Jennie is one of the most established motorsport media professionals, working for the likes of ESPN, Sky and the BBC to cover championships including Formula 1. She can often be found interviewing Lewis Hamilton or grilling Sebastian Vettel and always does it with a smile.

“I’m very aware that many people will never get to go into a paddock,” she says. “But I get to go into that paddock and I want to share it with everybody because it’s so cool whether it’s touring cars, local club racing or Le Mans. Whatever it may be, every person who steps into a paddock has a story. I just love sharing those stories with people.”

After weeks of unpaid work, Jennie got a job at the BBC which was testament to her hard work. Now, the roles have reversed and she finds herself helping young people who are wanting to forge a career in motorsport. 

“Never take no for an answer - there’s not many people in the industry whose careers advisor would have sat down and said that’s definitely the job for you,” she says. “If you want to be a broadcaster, a journalist or want to work in motorsport in any form, then go for it. Don’t let anyone say that’s not for you or that you don’t seem to be from the right background or the right gender.”

Credit: Jennie Gow

Jennie has now been working in the sport for over a decade and in that time she has covered an array of championships including endurance racing, Formula E and, of course, Formula 1. 

“I’ve been working in motorsport for a very long time because I’m old now!” she says. “I’m not rich. I’m not famous. I’m still trying to come up with ideas to innovate and to tell a story. I didn’t get into this because I wanted to be famous or rich - I wanted to make people smile. That was my genuine hope to enlighten people.”

Jennie is currently on the BBC’s line-up for their radio coverage they produce. Along with Jack Nicholls and Jolyon Palmer, she broadcasts live and gives insight to what’s happening over the course of a Formula 1 session. 

However, when all on-track motorsport activity was postponed earlier this year, Jennie took to Instagram to get people talking about sports once again.  This was when she coined Fast Talkers, a YouTube series that features both emerging and established talent.

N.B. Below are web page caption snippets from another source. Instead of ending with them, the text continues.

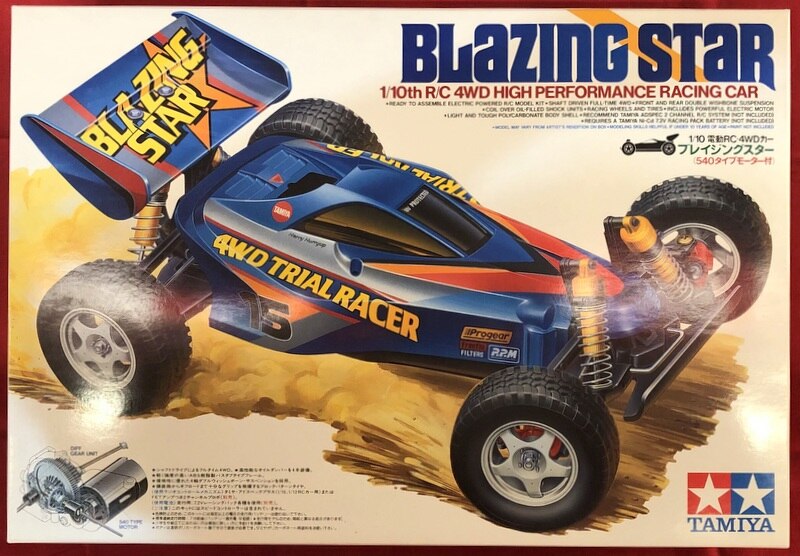 当時物 タミヤ BLAZING STAR DF01 TA01 実働メカ付 ブレイジングスター 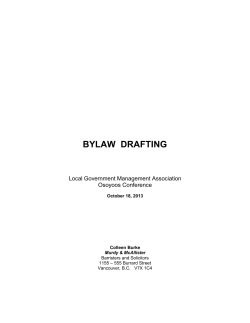 bylaw drafting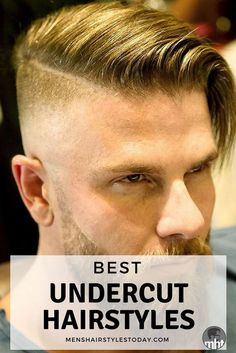 Best Undercut Hairstyles For Men - Cool Undercuts Undercut Hairstyle For Men, Undercut Hairstyles For Men, Best Undercut Hairstyles, Professional Hairstyles For Men, Donut Bun Hairstyles, Undercut Hair, Undercut Fade, Undercut Hairstyle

“I’ve always wanted to do a journalist’s show because there’s so much talent that covers motorsport,” she says. “There are a lot of people in the paddock that will talk at you and, because they don’t listen to anyone else, sometimes they know less than everybody else. You can always learn no matter what your age, who you are or your background.”

Credit: BBC Sport

Fantastic initiatives such as FIA Girls on Track and the Women in Motorsport Commission have inspired young women to get involved in motorsport. However, Jennie would like to see the likes of Formula 1 do more to ensure that its workforce is more diverse in the coming years.

“You can never click your fingers overnight and see it change but all I can hope is that in 10/15 years, we’ll see a real change,” she says. “There’s probably two key females max in each team when it comes to engineering and mechanical - we just need more. There are still some teams which are lagging behind with any sort of inclusion programme. F1 needs to make sure they’re championing inclusion and they're on top of the teams to make sure it happens.”

Jennie herself has been an ambassador for Dare To Be Different and is a real model for people wanting to become involved in motorsport or any male-dominated environment. Despite gender equality being a problem, Jennie is aware that this isn’t the only issue facing our sport. 

“We’re very lucky to have somebody like Lewis Hamilton in Formula 1,” she says. “Not every championship has that diverse person who’s shouting from the rooftops. I can’t think of any series I’ve worked in where someone was black - maybe a few people from an Asian background every now and then, but it’s really unusual.”

Jennie is championing equality with her diverse range of guests on Fast Talkers and is not afraid to topic more taboo topics head on.

“We have to call out people who aren’t representing the sport well and make sure that this is a safe place for everyone to come into,” she says. “If you can solve the problem that we have with numbers in karting and bring the cost down to get more women and more people from diverse backgrounds, all sorts of people that represent the world, we’ll be in a better situation.”